We did a series of vehicle travel time surveys in Brisbane CBD. Half of the trips were done by vehicles with drivers never going over 30kph. The other half were done travelling as an average vehicle.
The graph below shows a summary of the results. I will put further info on the experiment in a blog. In summary, the average vehicle was 3 minutes faster than the 30kph restricted vehicle and 2.4km/h faster.

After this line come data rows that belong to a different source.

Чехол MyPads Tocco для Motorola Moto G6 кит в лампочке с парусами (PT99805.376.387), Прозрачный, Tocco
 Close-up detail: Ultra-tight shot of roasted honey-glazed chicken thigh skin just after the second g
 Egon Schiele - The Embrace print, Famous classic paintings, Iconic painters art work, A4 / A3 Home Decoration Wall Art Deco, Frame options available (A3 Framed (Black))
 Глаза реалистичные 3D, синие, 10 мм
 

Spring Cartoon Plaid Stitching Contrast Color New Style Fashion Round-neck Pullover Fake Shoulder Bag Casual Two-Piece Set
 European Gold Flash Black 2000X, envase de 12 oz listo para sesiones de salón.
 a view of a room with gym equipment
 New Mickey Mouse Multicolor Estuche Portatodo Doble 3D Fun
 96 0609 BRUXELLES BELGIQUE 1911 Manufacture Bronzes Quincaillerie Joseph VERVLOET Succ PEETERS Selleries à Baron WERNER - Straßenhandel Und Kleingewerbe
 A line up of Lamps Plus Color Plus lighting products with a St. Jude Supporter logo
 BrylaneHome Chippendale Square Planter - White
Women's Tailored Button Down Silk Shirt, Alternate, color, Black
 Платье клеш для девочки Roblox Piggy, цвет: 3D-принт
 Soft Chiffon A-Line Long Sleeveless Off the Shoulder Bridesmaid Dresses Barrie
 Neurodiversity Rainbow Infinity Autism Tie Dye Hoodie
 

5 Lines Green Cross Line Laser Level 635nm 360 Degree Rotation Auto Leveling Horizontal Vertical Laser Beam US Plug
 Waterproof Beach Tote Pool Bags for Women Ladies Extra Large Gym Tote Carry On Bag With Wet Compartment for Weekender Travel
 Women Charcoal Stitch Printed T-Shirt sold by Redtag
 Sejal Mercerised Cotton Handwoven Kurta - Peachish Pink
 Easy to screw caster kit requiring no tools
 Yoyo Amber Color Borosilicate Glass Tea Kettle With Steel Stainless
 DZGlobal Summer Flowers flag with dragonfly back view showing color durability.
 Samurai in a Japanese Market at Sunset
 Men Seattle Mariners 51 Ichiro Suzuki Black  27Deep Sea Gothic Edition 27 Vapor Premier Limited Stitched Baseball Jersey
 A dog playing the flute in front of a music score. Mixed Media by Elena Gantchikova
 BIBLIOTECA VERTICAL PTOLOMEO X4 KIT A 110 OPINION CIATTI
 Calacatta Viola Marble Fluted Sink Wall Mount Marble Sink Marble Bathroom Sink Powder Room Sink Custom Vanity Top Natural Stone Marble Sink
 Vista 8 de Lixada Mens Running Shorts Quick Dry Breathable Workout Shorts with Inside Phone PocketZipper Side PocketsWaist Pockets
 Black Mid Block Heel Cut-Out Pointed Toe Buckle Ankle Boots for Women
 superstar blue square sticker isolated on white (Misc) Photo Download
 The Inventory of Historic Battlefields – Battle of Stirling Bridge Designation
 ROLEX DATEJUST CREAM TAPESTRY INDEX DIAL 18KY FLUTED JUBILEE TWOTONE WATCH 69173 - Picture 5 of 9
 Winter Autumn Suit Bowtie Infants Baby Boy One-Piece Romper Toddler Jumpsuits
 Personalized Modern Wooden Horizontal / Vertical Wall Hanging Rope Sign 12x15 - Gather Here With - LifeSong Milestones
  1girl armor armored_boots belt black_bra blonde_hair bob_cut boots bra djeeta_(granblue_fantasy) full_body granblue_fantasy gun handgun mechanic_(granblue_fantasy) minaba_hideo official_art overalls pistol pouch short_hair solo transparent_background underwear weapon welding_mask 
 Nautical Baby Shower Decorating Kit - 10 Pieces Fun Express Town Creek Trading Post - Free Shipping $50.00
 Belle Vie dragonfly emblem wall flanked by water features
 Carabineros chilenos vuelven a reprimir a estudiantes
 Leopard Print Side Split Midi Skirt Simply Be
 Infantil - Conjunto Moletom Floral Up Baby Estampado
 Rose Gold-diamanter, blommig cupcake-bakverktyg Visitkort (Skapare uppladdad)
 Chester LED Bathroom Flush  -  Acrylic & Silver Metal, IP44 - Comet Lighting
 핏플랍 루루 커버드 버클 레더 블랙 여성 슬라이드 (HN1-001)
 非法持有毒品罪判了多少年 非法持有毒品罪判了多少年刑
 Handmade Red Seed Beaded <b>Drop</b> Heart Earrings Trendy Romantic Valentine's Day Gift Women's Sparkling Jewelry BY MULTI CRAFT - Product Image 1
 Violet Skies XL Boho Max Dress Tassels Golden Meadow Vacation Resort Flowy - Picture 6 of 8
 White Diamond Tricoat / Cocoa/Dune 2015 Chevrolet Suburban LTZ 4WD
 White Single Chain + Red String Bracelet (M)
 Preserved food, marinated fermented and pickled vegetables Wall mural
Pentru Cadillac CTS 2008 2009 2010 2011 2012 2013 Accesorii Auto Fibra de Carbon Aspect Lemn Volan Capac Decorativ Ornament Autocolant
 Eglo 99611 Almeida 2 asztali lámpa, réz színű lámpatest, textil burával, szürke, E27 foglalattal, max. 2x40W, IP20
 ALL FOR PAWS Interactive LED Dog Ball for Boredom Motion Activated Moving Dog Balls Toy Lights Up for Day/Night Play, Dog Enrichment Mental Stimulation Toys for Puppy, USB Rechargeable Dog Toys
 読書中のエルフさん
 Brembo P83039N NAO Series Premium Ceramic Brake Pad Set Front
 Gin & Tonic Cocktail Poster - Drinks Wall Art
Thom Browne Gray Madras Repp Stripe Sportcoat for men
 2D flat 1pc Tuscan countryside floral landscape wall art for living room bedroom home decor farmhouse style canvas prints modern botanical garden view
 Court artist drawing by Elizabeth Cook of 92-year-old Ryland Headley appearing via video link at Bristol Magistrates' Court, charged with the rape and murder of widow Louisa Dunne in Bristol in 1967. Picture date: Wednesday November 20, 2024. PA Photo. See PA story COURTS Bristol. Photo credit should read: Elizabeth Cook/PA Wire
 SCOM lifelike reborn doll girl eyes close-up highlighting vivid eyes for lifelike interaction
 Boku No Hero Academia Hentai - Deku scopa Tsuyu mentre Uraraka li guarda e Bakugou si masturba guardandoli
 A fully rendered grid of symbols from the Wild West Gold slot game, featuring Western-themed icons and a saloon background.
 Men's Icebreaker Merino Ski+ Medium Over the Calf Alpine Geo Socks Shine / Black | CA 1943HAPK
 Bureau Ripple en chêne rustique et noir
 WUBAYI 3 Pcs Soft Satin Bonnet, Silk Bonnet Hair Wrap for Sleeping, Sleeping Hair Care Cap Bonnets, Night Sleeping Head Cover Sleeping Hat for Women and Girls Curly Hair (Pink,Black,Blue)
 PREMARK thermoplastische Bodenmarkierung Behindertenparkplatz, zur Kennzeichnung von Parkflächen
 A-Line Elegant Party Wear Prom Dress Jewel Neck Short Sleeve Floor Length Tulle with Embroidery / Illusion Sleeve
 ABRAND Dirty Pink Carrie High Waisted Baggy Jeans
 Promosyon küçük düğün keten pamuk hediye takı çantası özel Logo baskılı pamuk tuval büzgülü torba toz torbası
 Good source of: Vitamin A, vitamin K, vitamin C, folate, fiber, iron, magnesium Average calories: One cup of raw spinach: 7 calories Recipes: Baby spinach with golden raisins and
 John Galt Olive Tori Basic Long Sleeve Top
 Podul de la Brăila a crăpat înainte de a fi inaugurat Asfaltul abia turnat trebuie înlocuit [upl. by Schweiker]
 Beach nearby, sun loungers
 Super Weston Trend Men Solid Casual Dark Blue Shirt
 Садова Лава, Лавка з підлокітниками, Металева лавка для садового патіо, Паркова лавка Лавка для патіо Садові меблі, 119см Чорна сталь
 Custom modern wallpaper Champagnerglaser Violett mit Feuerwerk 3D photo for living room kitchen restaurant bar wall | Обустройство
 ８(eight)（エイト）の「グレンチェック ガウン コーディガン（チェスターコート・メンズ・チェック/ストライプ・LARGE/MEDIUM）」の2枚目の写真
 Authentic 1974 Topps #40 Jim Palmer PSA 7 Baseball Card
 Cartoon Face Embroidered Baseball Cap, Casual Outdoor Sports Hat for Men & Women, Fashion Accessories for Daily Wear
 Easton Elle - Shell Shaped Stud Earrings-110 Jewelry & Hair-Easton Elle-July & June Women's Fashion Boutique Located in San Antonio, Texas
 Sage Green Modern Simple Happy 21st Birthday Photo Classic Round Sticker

Interestingly, all drivers involved in the surveys noted that they thought there would be little difference in travel times. Drivers also commented that the only issues with slowing to the <30km/h speed were impatient taxis. In my opinion, it is only a matter of time before the inner city 30km/h speed limits are introduced. The argument between travel time and safety lean towards the safety benefits.
Why 30km/hr is important.
Its all about road safety, especially for pedestrians and cyclists. The 2 main arguments for 30km/hr limits are:
1. Increased ability for car drivers to be aware of their environment
a. Better peripheral vision
b. Visual recognition between drivers and cyclists/pedestrians. At 30km/hr people can start to recognise that the other party knows that they are there.
2. Severity of crashes. The likelihood of severe injury or death decrease dramatically when vehicle speeds go below 30km/hr.
An interesting point is the movement to replace accident with crashes (or likewise). The theory being that crashes are preventable not accidents.